Task description:
Output word for word the lines from the one with "ISO REFORMATION DRESS" to the final line of the data, both ends included, but skip the pictures.

Records for this task:
= = = = =

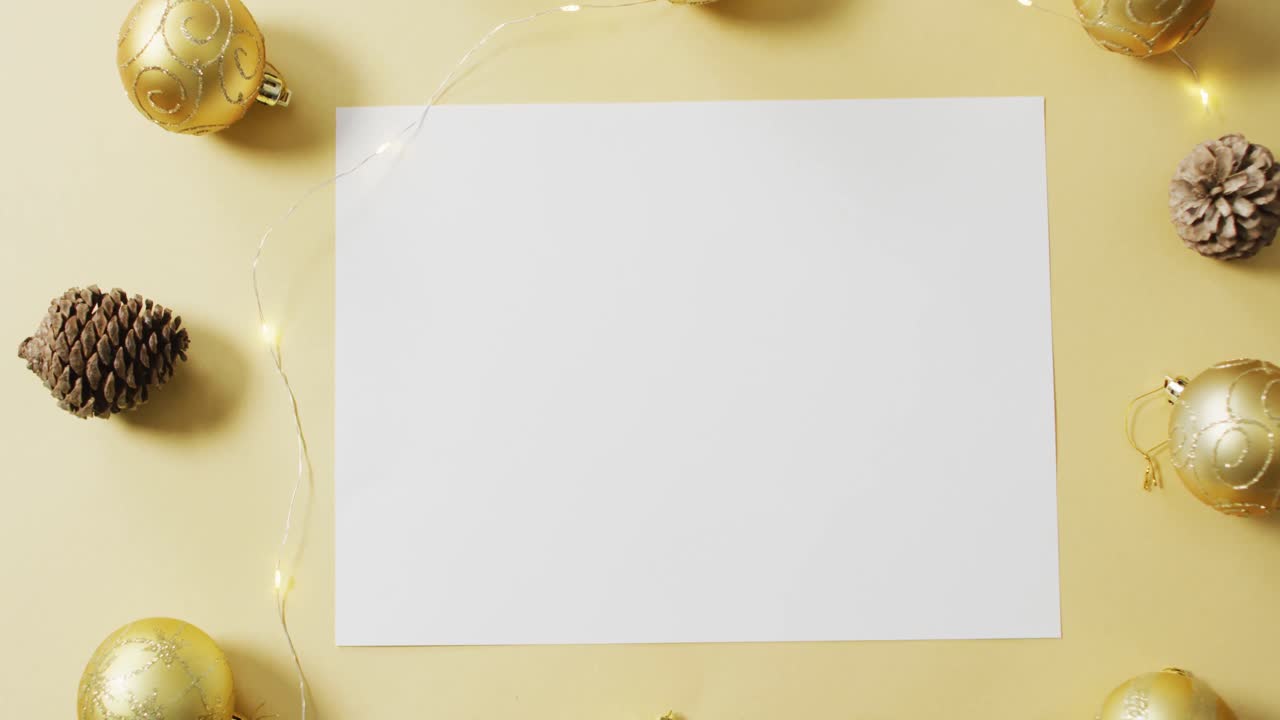Video di decorazioni natalizie con foglio di carta bianca su sfondo giallo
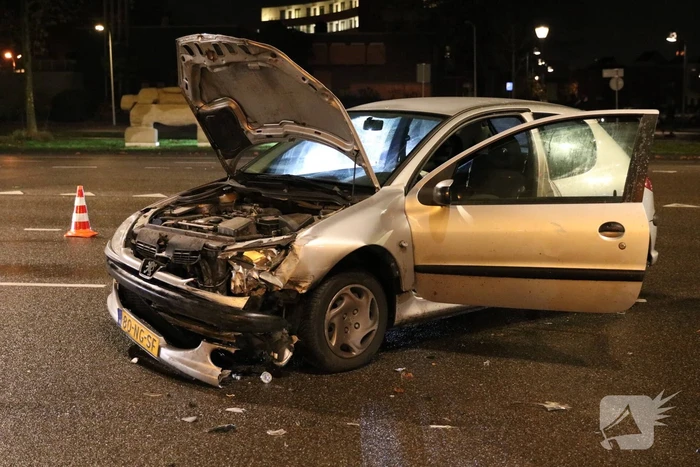 Gewonde en schade bij aanrijding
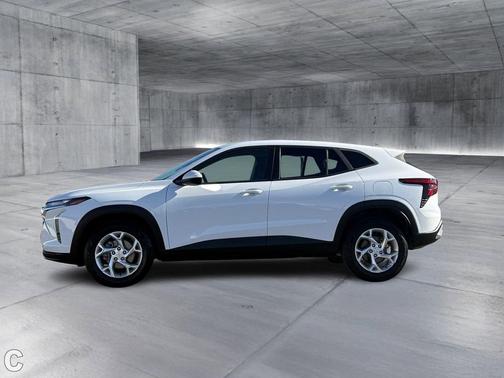 Summit White 2024 Chevrolet Trax LS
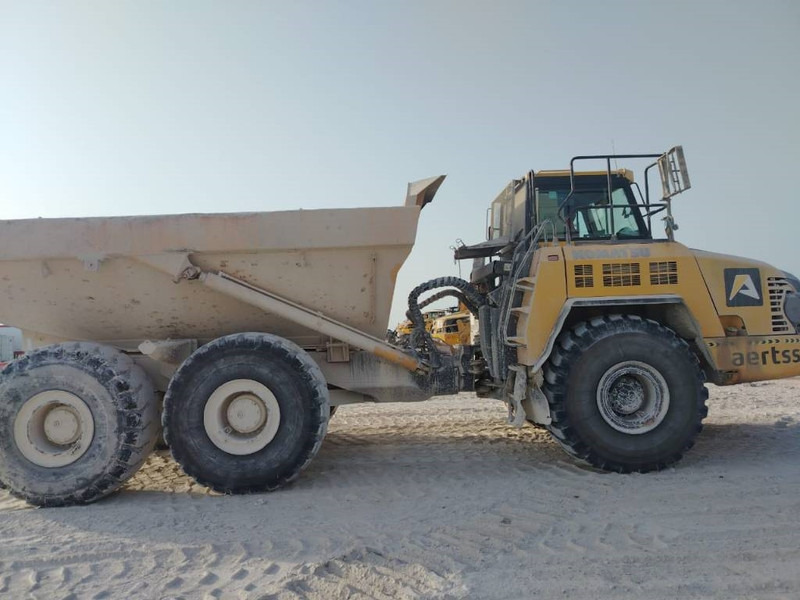 Komatsu HM400-3R (4 pieces available in Abu Dhabi) - شاحنة مفصلية: صور 2 Komatsu HM400-3R (4 pieces available in Abu Dhabi) - شاحنة مفصلية: صور 2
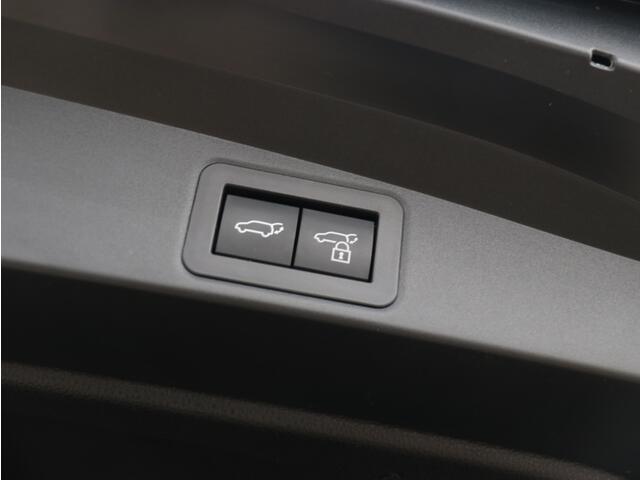 Toyota COROLLA 1.8 Hybrid Dynamic I Keyless I Half-leder I Dodehoekdetectie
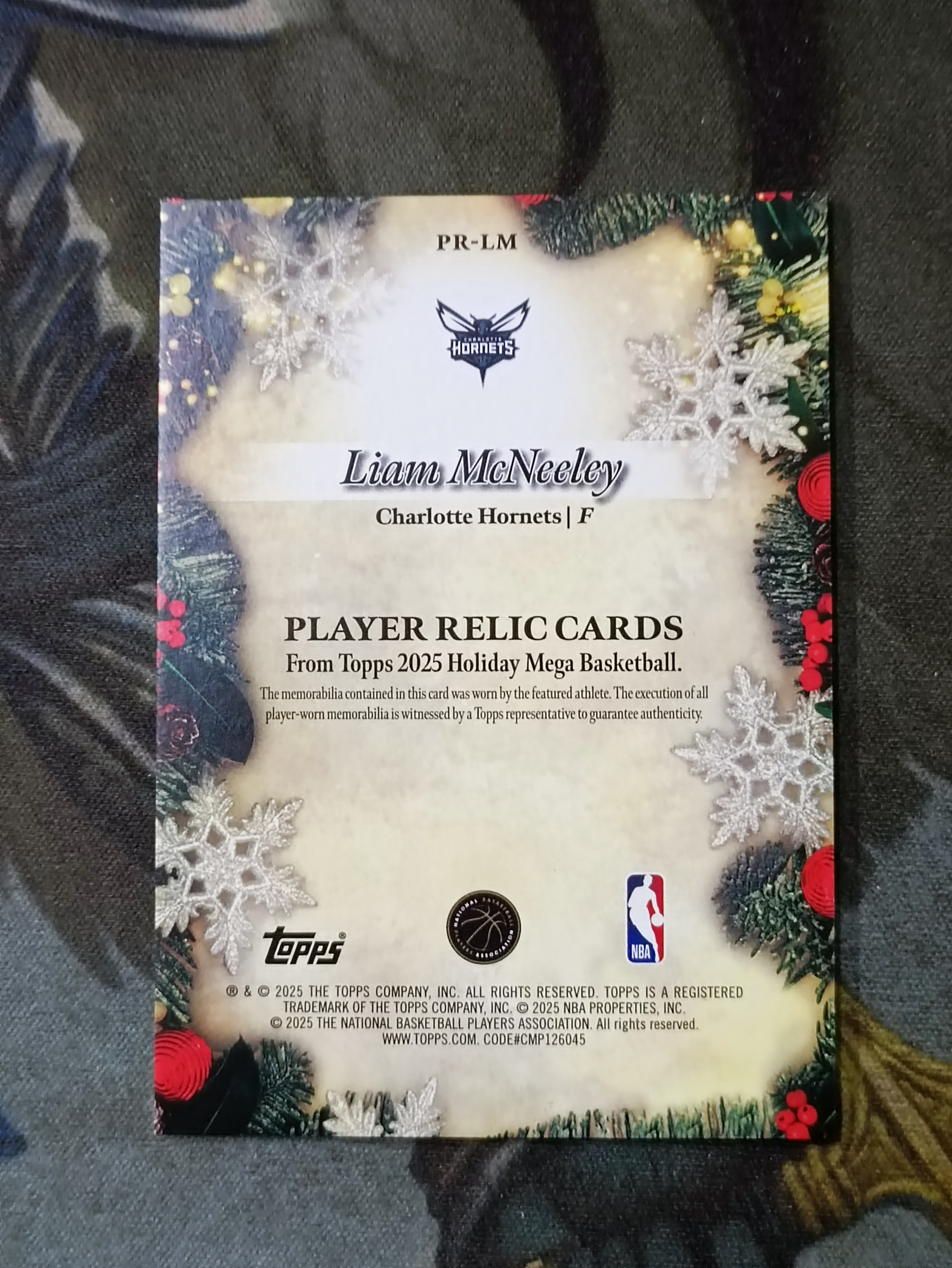 2025-26 Topps Holiday Liam McNeeley RC 麦克尼利 新秀 球衣实物 Player Relic 黄蜂(品见大图)《苏州卡通》J【GJY】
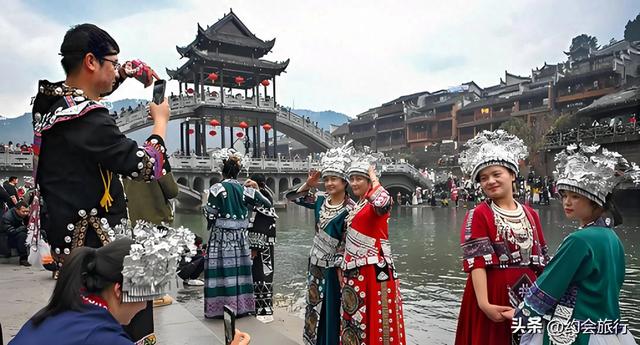 凤凰古城一大爷怒砸反光板：当景区旅拍占了风景，究竟谁来管？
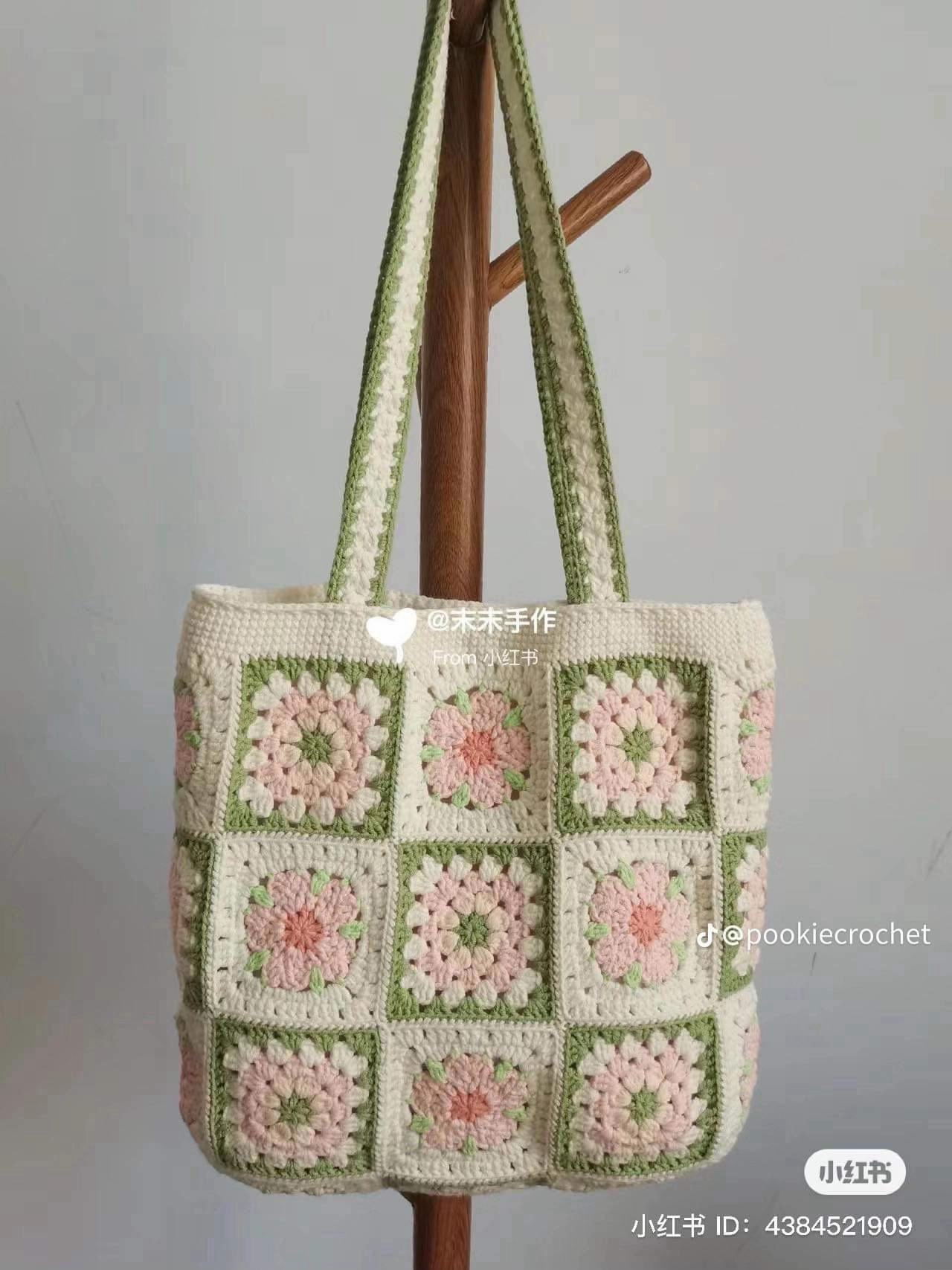 Free Crochet Pattern: Pastel Flower Granny Square Tote Bag Chart with Handle Instructions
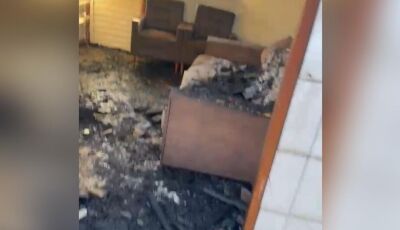 Família perde tudo em incêndio e pessoas se mobilizam nas redes sociais para ajudar (vídeo)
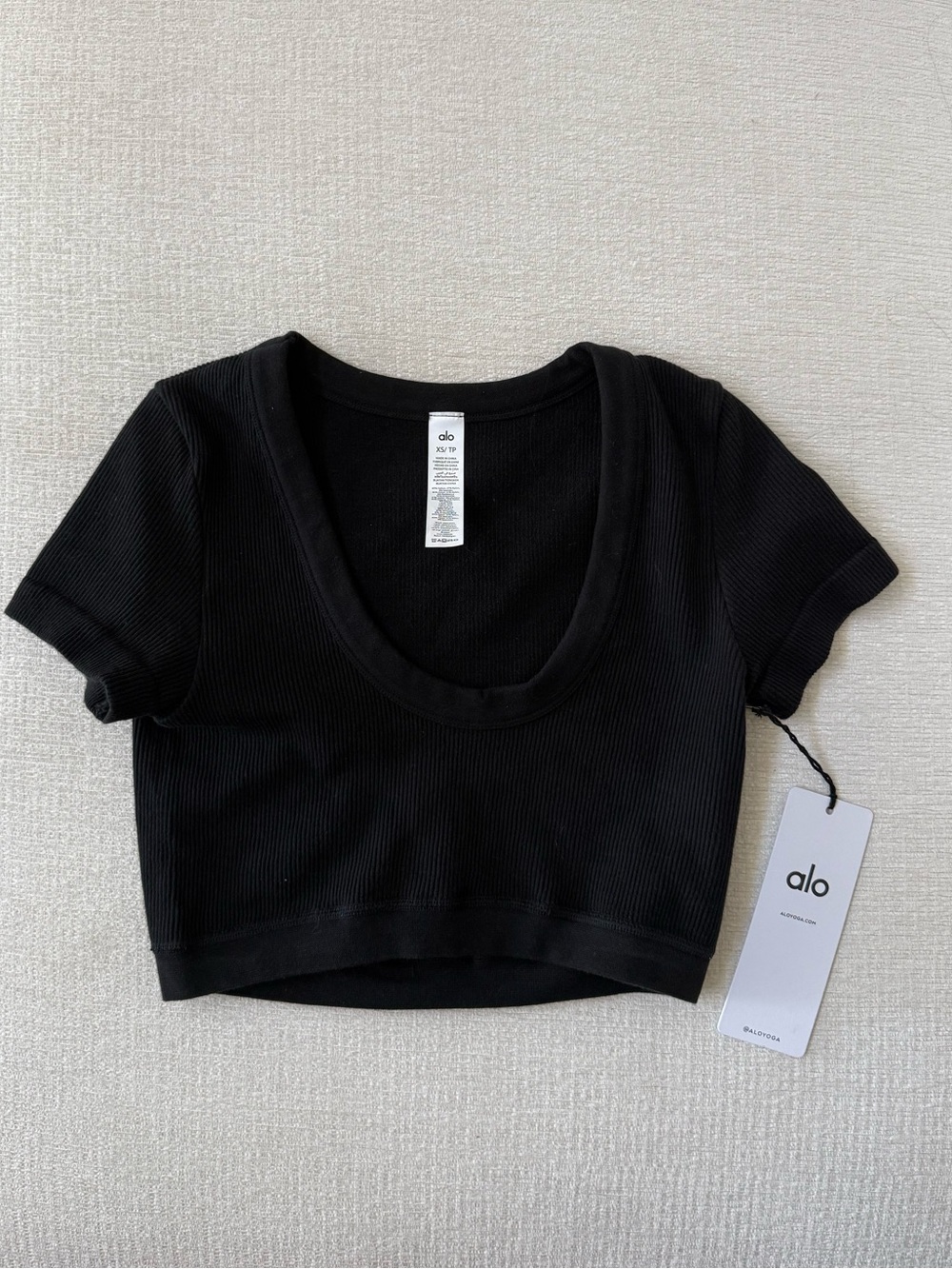NWT ALO Seamless Black Ribbed Serene Short Sleeve XS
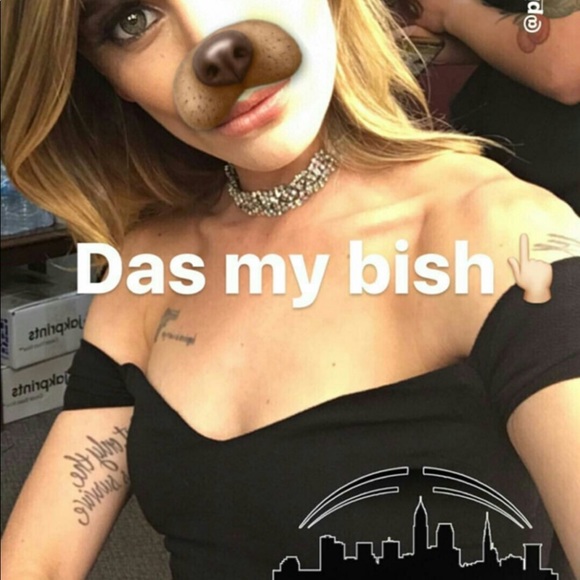 ISO REFORMATION DRESS - NOT SELLING - Picture 4 of 5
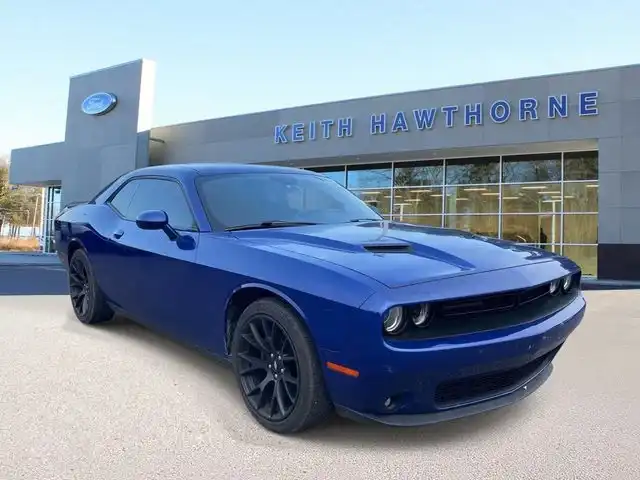 2018 Dodge Challenger SXT Plus's photo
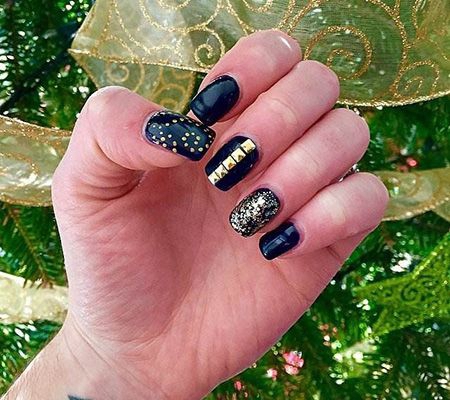 手腕水瓶座纹身图案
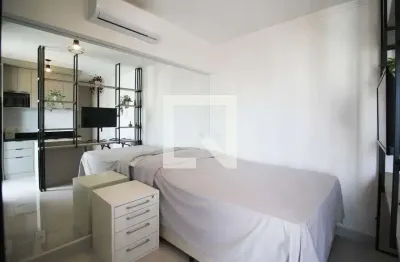 Kitnet / Stúdio à venda na Avenida dos Carinás, Moema, São Paulo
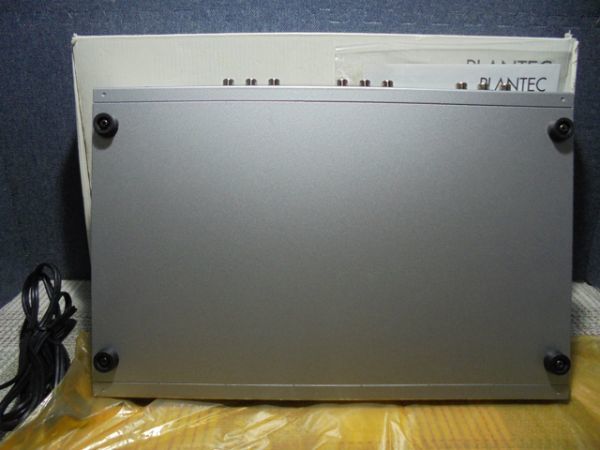 PANTEC VD-400　ビデオ・ステレオ　4分配器（AV信号1入力⇒同時4AV信号出力）／修理手直し品_画像10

= = = = =

Answer:
 ISO REFORMATION DRESS - NOT SELLING - Picture 4 of 5
 2018 Dodge Challenger SXT Plus's photo
 手腕水瓶座纹身图案
 Kitnet / Stúdio à venda na Avenida dos Carinás, Moema, São Paulo
 PANTEC VD-400　ビデオ・ステレオ　4分配器（AV信号1入力⇒同時4AV信号出力）／修理手直し品_画像10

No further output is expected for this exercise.